The Indian Pharmaceutical industry is the second-largest in the world by volume and is leading the manufacturing sector of India [1]. The Indian bio-tech industry has achieved a growth rate of 17 percent and has gained revenues of Rs.137 billion ($3 billion) in the 2009-10. Bio-Pharmaceutical was the biggest contributor generating 60 percent of the industry's growth at Rs.8, 829 crore, followed by bio-services at Rs.2, 639 crore and bio-agriculture at Rs.1, 936 crore. The first pharmaceutical company was Bengal Chemicals and Pharmaceutical Works, which still exists today as one of 5 government-owned drug manufacturers, in Calcutta in the year 1930.

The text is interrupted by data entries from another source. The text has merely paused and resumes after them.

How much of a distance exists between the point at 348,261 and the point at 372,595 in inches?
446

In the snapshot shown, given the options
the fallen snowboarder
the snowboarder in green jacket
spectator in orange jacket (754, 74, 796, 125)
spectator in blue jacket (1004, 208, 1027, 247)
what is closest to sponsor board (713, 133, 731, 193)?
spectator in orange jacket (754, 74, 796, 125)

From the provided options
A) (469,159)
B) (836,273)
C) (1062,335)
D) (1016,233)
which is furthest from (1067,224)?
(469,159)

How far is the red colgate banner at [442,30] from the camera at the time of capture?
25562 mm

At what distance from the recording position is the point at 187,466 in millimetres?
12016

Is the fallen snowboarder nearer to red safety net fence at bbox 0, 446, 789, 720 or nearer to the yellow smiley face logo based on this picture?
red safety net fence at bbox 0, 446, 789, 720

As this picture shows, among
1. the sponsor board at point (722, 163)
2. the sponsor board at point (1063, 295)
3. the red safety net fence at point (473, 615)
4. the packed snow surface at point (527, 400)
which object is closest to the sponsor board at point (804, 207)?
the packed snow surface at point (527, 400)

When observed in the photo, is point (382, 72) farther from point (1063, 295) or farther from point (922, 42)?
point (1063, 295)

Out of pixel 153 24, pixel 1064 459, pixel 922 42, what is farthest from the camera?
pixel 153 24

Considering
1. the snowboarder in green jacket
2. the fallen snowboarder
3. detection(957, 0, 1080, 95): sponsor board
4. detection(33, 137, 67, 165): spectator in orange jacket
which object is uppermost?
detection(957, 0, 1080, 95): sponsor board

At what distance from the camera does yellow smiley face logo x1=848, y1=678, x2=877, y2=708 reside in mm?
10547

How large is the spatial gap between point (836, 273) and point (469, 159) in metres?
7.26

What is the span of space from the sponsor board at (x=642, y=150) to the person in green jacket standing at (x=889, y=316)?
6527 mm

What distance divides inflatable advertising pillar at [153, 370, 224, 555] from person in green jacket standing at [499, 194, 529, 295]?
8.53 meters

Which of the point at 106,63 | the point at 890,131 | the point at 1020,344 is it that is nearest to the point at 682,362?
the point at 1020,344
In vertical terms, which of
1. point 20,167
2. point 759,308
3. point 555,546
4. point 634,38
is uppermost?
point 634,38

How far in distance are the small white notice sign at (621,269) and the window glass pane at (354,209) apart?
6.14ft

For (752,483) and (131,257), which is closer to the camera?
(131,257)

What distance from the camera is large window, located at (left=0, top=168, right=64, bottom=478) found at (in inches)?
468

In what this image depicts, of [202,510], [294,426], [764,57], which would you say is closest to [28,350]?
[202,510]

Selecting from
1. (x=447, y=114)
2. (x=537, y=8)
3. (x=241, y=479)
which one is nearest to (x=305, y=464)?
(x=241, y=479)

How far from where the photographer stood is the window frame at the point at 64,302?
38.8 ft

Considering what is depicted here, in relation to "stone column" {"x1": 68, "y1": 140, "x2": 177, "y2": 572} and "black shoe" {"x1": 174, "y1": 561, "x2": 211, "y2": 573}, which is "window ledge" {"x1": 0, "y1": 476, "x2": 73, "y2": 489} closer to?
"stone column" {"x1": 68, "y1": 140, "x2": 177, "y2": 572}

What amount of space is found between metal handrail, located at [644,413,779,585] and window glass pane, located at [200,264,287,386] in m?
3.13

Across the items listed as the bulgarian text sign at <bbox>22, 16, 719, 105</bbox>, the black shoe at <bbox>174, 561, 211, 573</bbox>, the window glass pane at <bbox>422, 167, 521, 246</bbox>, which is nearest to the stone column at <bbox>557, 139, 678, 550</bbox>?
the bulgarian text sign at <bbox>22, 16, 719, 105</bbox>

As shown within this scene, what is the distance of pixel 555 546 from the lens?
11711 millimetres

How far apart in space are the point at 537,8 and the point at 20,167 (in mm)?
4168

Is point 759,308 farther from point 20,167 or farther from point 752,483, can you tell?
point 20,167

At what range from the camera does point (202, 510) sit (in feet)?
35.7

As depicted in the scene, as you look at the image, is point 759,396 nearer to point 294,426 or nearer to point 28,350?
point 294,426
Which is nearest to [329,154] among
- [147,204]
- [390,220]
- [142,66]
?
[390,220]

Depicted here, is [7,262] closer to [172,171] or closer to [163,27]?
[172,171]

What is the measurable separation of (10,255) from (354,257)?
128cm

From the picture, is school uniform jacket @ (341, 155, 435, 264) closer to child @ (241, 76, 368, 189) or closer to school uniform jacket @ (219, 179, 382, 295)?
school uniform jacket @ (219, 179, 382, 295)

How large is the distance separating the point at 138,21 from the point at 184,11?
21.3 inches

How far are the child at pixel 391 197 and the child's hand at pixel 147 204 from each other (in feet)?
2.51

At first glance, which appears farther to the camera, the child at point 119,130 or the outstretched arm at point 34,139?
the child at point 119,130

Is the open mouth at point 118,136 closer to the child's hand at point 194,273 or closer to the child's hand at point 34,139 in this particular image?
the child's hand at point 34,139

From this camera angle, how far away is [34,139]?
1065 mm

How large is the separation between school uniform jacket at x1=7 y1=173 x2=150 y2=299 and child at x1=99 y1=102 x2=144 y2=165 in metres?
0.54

These are the top five Indian pharmaceutical companies

Market structure :  The pharmaceutical industry is becoming an oligopoly due to the staggering costs of developing and marketing new drugs and because of patents that protect new products from competitors. It can cost more than $1 billion to develop a new drug, get it approved by the Food and Drug Administration and bring it to market, according to "Forbes" magazine. With those kind of upfront costs, only a handful of companies including Pfizer, Merck and Novartis, can afford to create and sell new products. The government grants those companies extended patents on their drugs, and these patents protect drug developers from competitors for many years.

 

Growth of pharmaceutical industry over the years: The Indian pharma industry has been growing at a compounded annual growth rate (CAGR) of more than 15% over the last five years and has significant growth opportunities. The Indian pharma industry is on a good growth path and is likely to be in the top 10 global markets in value term  by 2020, according to the PwC – CII  report titled “India Pharma Inc: Gearing up for the next level of growth”.

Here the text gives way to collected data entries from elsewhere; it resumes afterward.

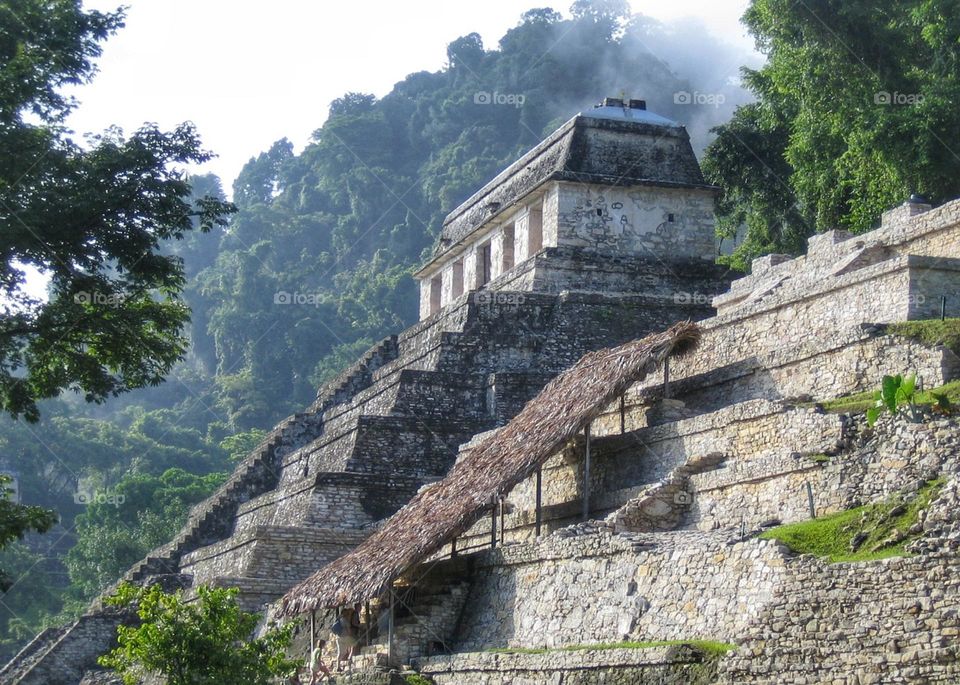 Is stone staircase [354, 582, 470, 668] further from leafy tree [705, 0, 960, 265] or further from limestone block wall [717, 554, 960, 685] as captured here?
leafy tree [705, 0, 960, 265]

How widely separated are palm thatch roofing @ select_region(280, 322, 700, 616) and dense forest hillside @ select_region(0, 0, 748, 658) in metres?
31.0

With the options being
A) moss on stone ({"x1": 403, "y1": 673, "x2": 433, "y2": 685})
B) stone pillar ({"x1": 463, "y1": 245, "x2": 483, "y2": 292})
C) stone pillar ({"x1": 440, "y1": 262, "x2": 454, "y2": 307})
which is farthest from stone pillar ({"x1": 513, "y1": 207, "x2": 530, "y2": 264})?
moss on stone ({"x1": 403, "y1": 673, "x2": 433, "y2": 685})

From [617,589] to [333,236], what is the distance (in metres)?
56.3

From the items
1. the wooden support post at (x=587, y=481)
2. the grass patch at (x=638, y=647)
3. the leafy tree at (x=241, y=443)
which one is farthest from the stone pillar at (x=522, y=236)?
the leafy tree at (x=241, y=443)

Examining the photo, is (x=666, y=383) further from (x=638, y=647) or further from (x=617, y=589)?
(x=638, y=647)

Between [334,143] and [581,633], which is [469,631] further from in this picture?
[334,143]

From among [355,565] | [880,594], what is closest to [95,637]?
[355,565]

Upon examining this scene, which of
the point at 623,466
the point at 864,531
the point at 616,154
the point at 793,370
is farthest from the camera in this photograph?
the point at 616,154

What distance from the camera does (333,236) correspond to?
232 feet

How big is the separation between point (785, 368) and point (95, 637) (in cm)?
1109

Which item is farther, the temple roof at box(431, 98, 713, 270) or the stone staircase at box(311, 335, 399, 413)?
the stone staircase at box(311, 335, 399, 413)

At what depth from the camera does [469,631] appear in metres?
16.9

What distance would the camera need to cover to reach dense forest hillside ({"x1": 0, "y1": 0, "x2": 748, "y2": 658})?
191 ft

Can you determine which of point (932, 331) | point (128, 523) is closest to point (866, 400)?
point (932, 331)
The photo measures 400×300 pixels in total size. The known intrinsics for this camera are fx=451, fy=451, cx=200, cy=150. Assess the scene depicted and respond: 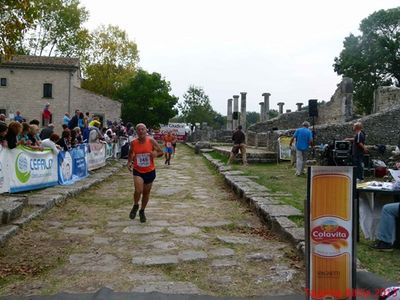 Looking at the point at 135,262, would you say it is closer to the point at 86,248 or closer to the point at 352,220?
the point at 86,248

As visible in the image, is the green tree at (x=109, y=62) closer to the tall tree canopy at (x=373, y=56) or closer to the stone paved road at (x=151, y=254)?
the tall tree canopy at (x=373, y=56)

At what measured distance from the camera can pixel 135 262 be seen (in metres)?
5.01

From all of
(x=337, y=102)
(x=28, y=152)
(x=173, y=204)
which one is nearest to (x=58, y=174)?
(x=28, y=152)

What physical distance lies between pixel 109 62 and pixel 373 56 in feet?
94.9

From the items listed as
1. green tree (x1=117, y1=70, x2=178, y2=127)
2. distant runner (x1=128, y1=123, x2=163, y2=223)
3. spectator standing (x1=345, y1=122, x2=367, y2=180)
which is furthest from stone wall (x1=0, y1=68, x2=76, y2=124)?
distant runner (x1=128, y1=123, x2=163, y2=223)

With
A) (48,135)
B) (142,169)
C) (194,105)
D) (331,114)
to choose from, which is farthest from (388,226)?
(194,105)

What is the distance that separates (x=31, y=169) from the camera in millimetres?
9094

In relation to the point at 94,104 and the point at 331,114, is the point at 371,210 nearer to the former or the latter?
the point at 331,114

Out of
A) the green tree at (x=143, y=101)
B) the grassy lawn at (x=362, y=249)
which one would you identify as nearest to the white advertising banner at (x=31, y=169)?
the grassy lawn at (x=362, y=249)

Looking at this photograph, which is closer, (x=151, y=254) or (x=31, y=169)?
(x=151, y=254)

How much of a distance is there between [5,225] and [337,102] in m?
25.4

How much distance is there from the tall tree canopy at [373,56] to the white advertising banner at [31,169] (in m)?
41.8

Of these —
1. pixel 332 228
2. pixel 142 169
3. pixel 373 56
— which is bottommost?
pixel 332 228

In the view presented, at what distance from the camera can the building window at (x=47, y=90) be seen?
43156 mm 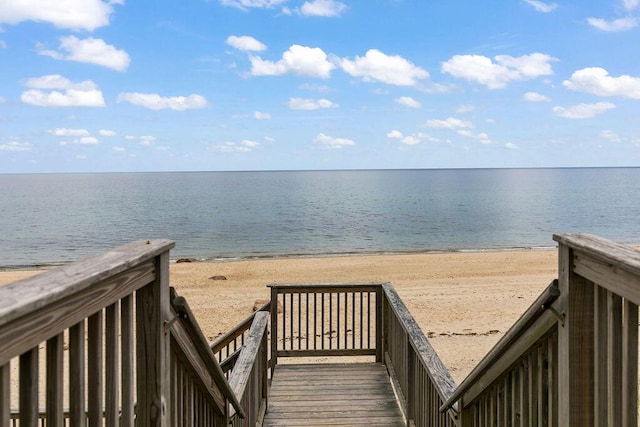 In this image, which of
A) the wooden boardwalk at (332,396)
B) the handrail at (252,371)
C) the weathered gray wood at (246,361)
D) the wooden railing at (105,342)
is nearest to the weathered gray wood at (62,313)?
the wooden railing at (105,342)

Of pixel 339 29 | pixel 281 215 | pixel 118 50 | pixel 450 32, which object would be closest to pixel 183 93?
pixel 118 50

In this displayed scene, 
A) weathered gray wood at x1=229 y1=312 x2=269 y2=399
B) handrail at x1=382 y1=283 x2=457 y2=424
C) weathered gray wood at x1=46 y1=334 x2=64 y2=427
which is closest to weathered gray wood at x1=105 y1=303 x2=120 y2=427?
weathered gray wood at x1=46 y1=334 x2=64 y2=427

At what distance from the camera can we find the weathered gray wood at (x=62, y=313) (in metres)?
0.97

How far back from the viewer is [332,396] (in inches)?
217

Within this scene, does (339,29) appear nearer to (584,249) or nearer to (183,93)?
(183,93)

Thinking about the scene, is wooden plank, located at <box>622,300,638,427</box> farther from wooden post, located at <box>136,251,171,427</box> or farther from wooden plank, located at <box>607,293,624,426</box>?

Ø High burden of disease, good economic growth leading to higher disposable incomes, improvements in healthcare infrastructure and improved healthcare financing are driving growth in the domestic market, the report highlighted.

 

Here is the graph showing the development of pharmaceutical industry over the years in terms of revenue

Market size: Indian pharmaceutical industry, with current market size of $27.57 billion (last reported in 2016) is expected to reach a mark of $55 billion by 2020 at a CAGR of 15.92%, according to a report by the Indian Brand Equity Foundation (IBEF). The Indian pharmaceuticals market has characteristics that make it unique. First, branded generics dominate, making up for 70 to 80 per cent of the retail market. Second, local players have enjoyed a dominant position driven by formulation development capabilities and early investments.

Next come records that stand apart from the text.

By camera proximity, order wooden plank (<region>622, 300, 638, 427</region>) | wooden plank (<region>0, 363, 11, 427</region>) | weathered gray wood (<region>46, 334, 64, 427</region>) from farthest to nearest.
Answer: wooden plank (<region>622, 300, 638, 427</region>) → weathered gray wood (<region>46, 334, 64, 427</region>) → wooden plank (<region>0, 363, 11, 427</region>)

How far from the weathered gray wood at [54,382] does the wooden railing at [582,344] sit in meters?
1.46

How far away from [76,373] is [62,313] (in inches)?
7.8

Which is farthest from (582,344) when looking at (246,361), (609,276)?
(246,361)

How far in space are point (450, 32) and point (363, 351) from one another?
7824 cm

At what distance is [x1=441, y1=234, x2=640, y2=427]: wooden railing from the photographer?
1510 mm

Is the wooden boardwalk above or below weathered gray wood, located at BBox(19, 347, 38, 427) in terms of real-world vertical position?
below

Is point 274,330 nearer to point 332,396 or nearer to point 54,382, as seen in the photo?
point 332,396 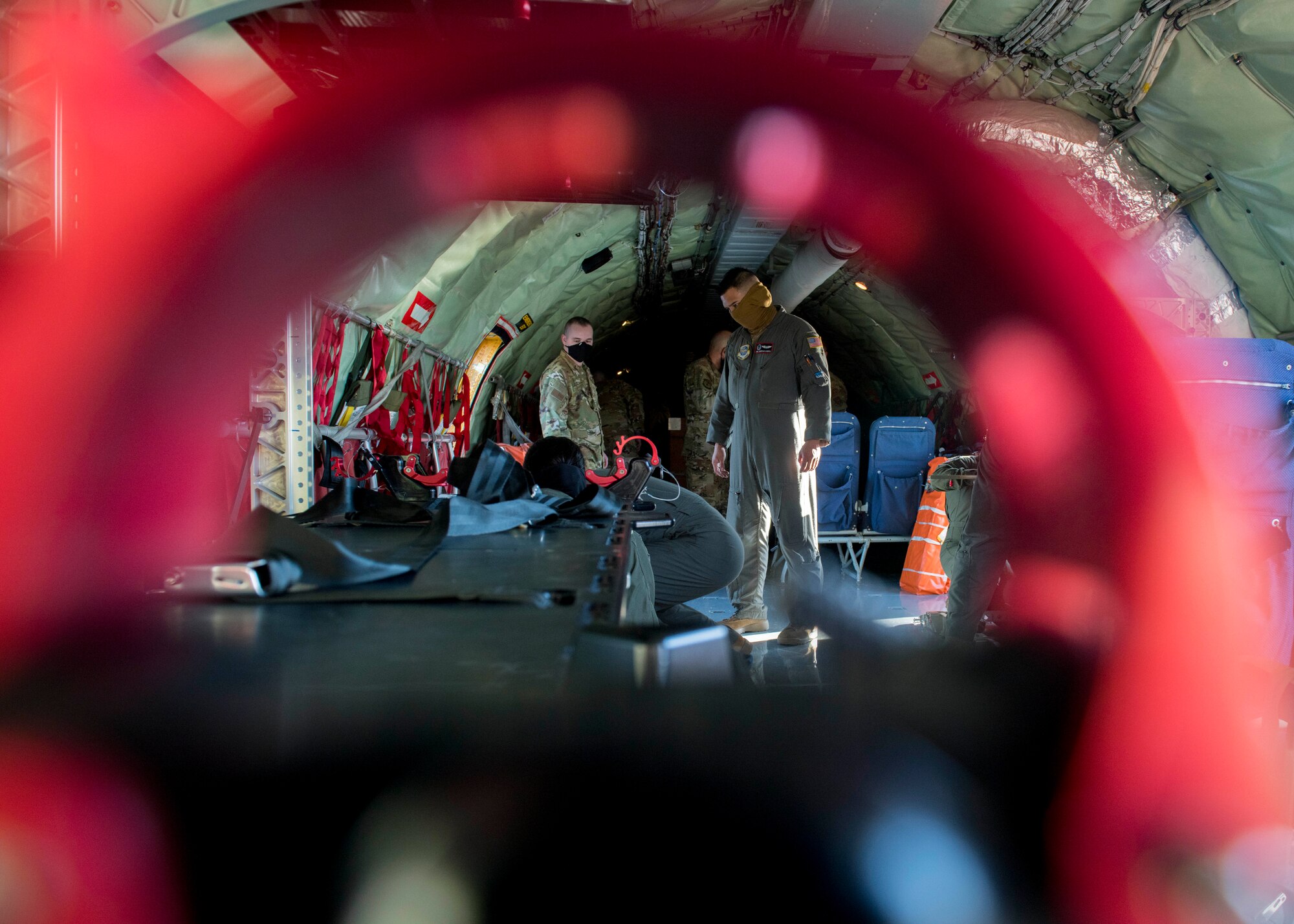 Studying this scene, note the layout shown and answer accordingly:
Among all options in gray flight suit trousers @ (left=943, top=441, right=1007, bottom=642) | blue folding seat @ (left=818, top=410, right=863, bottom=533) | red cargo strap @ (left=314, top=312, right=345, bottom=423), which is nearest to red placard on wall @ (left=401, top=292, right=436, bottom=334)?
red cargo strap @ (left=314, top=312, right=345, bottom=423)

The graph representing market size if Indian pharmaceutical industry from 2002-07.

 

Effect of covid on Indian pharmaceutical industry: The COVID–19 pandemic has disrupted supply chains across the world. Every sector, including pharma, is suffering from supply chains coming to a grinding halt. Prices of raw materials have shot up amid limited supply, production schedules have been interrupted, factories have been shut down and shipping costs are sky-high in most countries. The impact on the Indian pharma sector is typically evident, given that most raw materials are procured from China, the epicentre of the outbreak. With the movement of people and goods restricted amid lockdowns, manufacturers of generic drugs are unable to launch products or conduct clinical trials. As a result, timelines for drug filings have got stretched. Furthermore, cash flows from new generic drug launches have either been wiped out or delayed.

The below graph shows the sales growth of therapy drugs due to Covid-19

Future of pharmaceutical industry:

Although India is known as the “Pharmacy of the World”, as it contributes 20% of the world generics and 60% of the total vaccines in the world market, it is indeed a matter of pride for us that India caters 40-70% of the WHO demands for the vaccines. Moreover, the growth of the Indian pharma sector since last 5 years has been in double digit number. Through Ayushman Bharat  India has been able to establish a high impact at the global level in the healthcare sector. India is the among the few countries in the world who has 665 US FDA approved plants outside US and has 44% global ANDAs.

 

Due to ongoing pandemic, DGFT (Directorate General of Foreign Trade) on 3rd March 2020 made changes in their export policy and they banned several formulations. Later, on 25th March 2020 again, this export policy was and the “wonder drug” -Hydroxychloroquine (which is considered in the treatment of COVID-19) too was included in the list.  All this was done because the API which is used in the manufacturing of these formulations is imported from the global market especially China and due to Covid-19 the import of these API was badly affected, as these API were in short supply.